▶ [HOW TO COMPLETE THIS TASK] Reproduce only the lines below from the line containing "Funny notebook cover" to the line containing "Angara Natural GIA", exactly as written, with both end lines kept. Omit the pictures.

▶ [INFORMATION PROVIDED]
════════════════
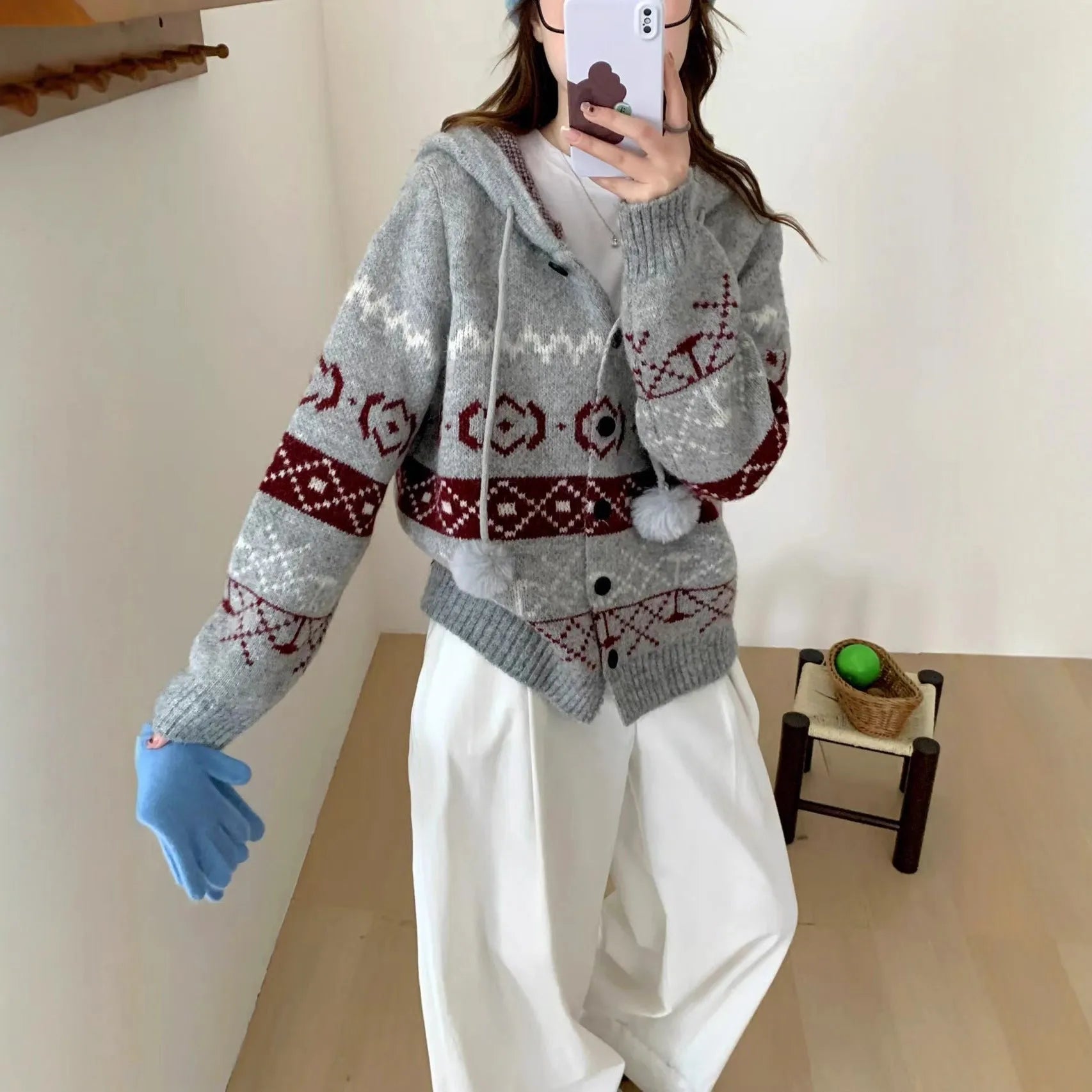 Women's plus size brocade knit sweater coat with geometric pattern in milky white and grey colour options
════════════════
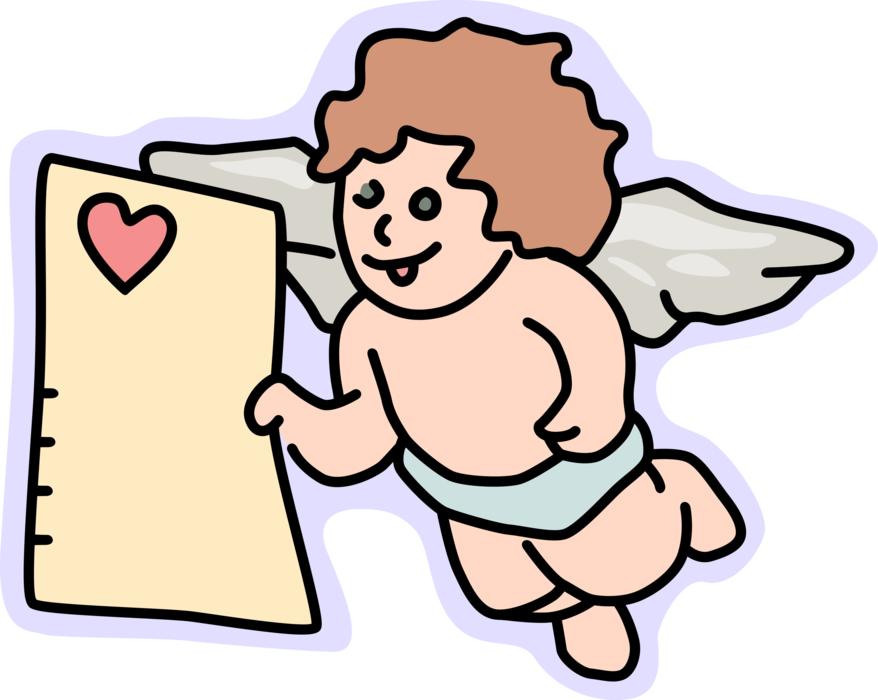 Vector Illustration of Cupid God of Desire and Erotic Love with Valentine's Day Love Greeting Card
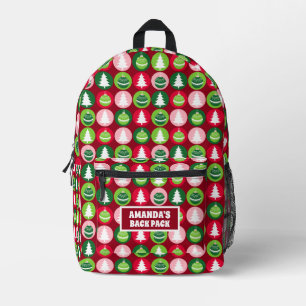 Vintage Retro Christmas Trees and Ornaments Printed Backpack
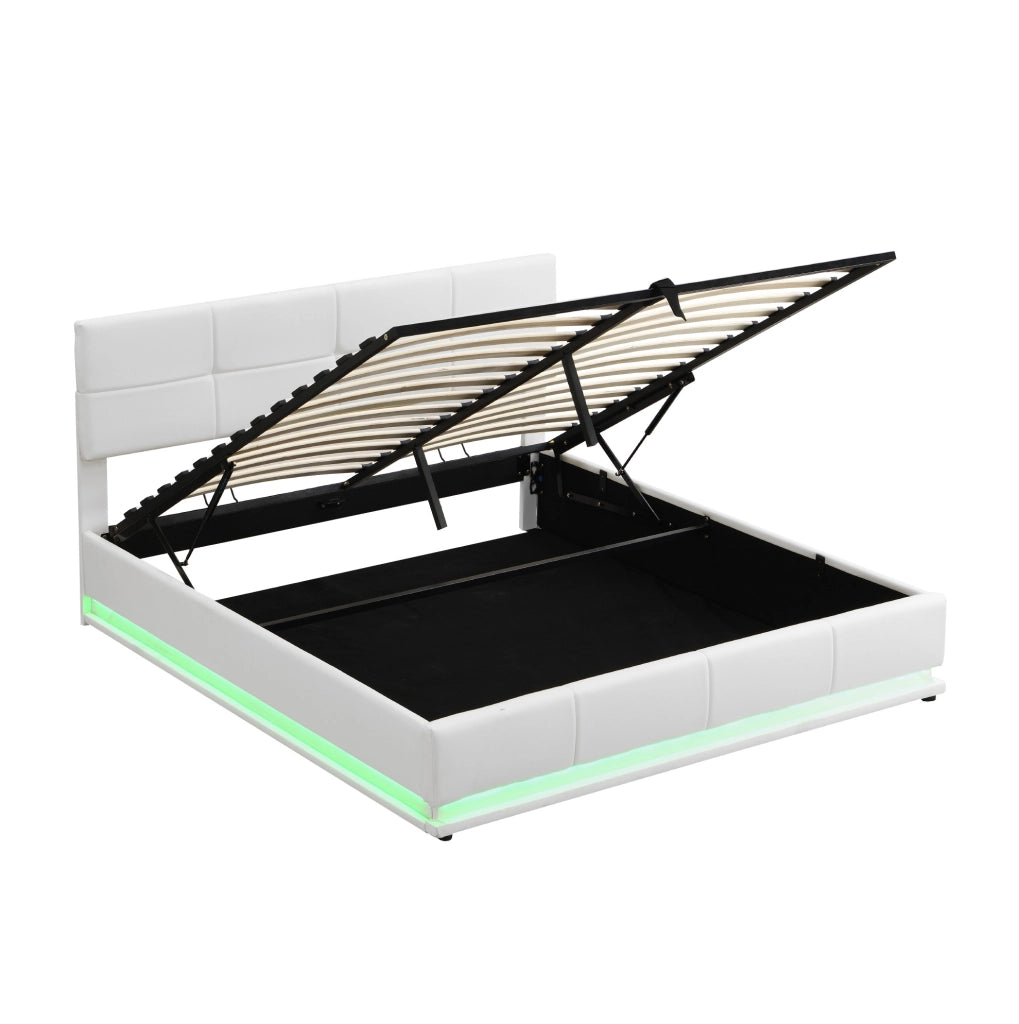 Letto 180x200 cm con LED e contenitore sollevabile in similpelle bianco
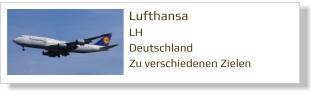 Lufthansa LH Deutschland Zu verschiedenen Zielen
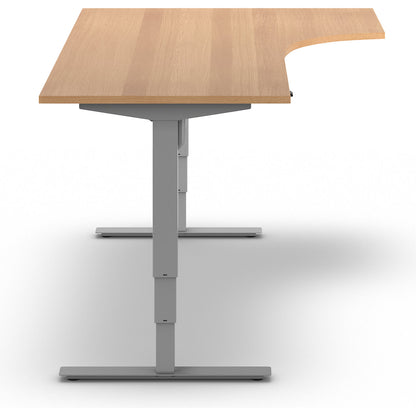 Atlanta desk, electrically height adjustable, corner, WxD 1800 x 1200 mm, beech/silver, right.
════════════════
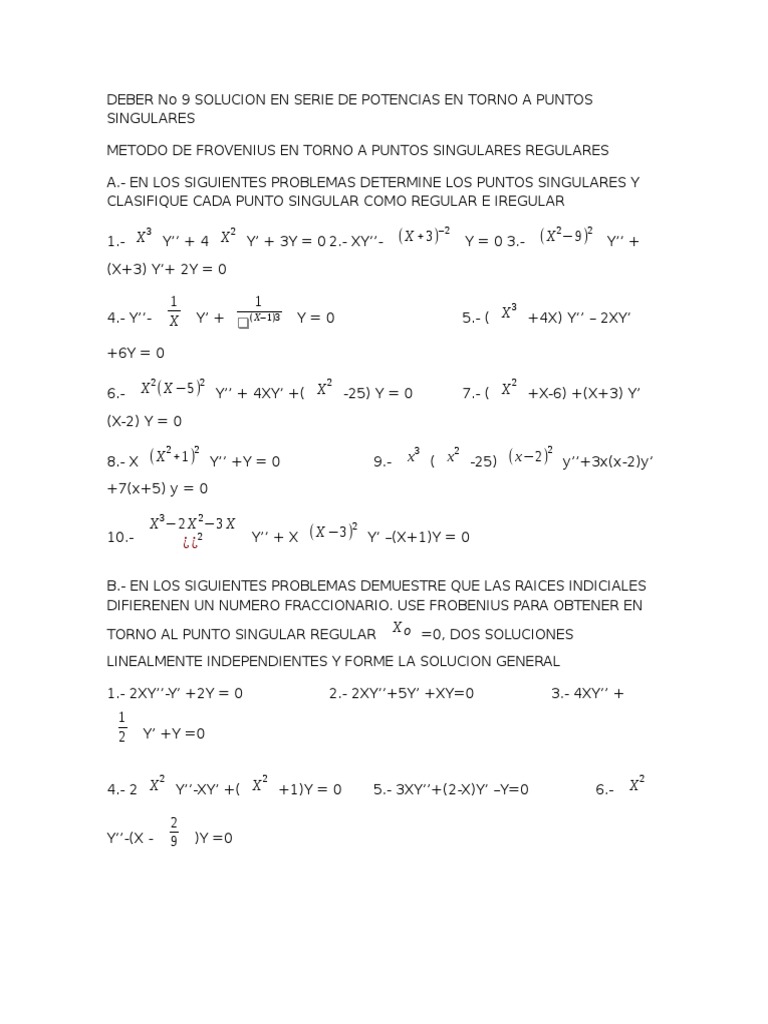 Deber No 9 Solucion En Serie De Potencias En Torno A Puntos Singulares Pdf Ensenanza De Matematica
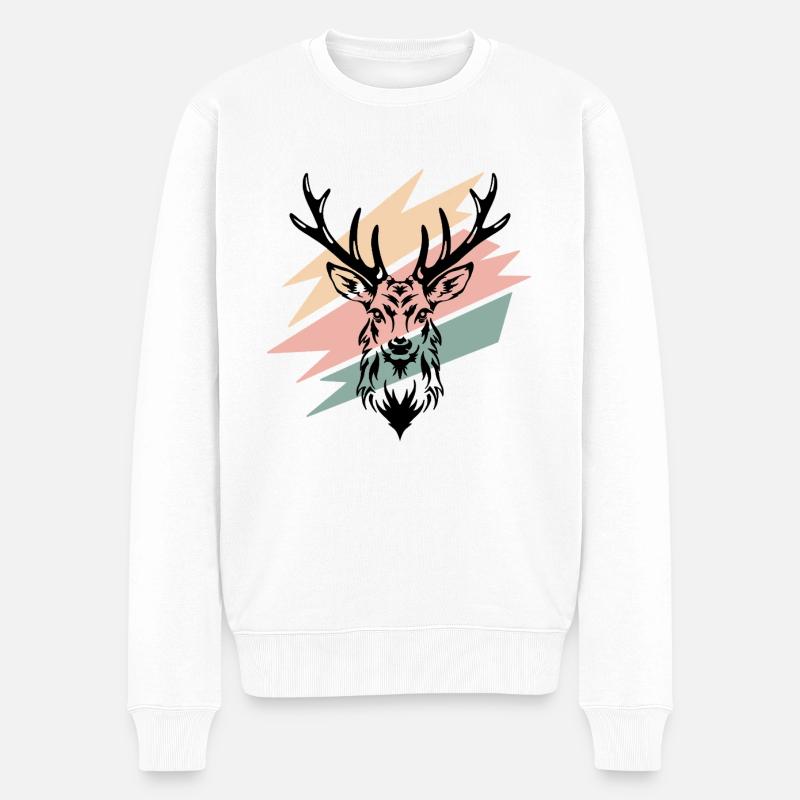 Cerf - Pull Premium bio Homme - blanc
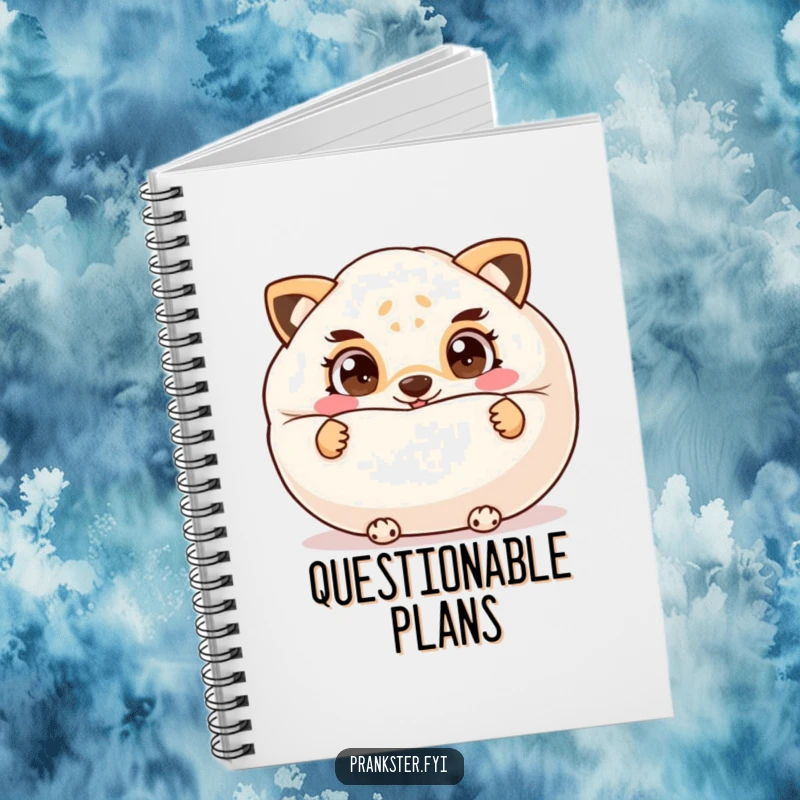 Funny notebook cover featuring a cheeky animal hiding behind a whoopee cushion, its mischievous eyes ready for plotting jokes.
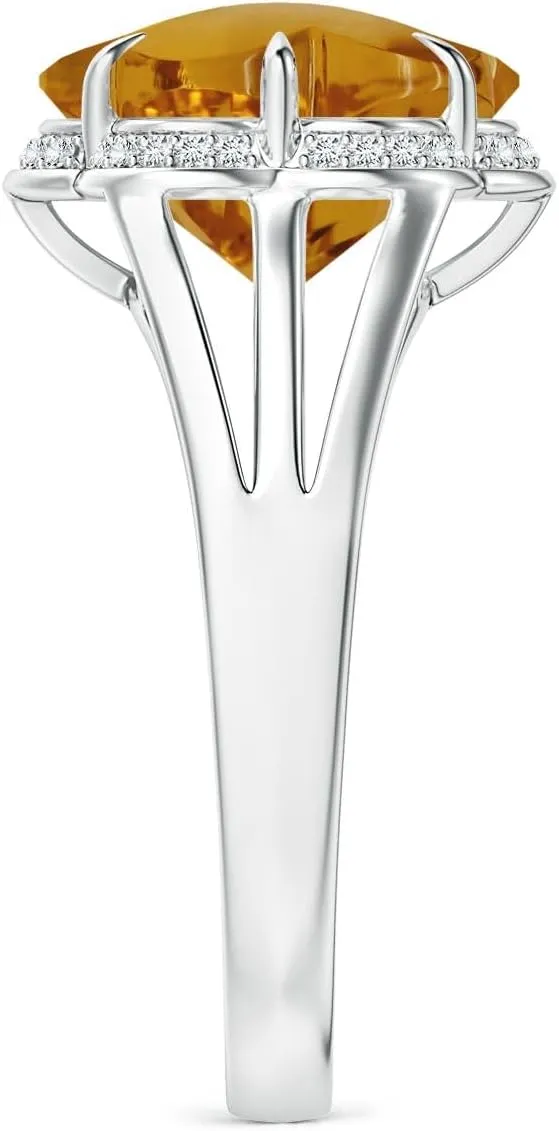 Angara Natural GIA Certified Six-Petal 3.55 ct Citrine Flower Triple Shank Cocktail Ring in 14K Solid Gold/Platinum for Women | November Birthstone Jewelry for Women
════════════════
▶ [EXERCISE RESULT]
 Funny notebook cover featuring a cheeky animal hiding behind a whoopee cushion, its mischievous eyes ready for plotting jokes.
 Angara Natural GIA Certified Six-Petal 3.55 ct Citrine Flower Triple Shank Cocktail Ring in 14K Solid Gold/Platinum for Women | November Birthstone Jewelry for Women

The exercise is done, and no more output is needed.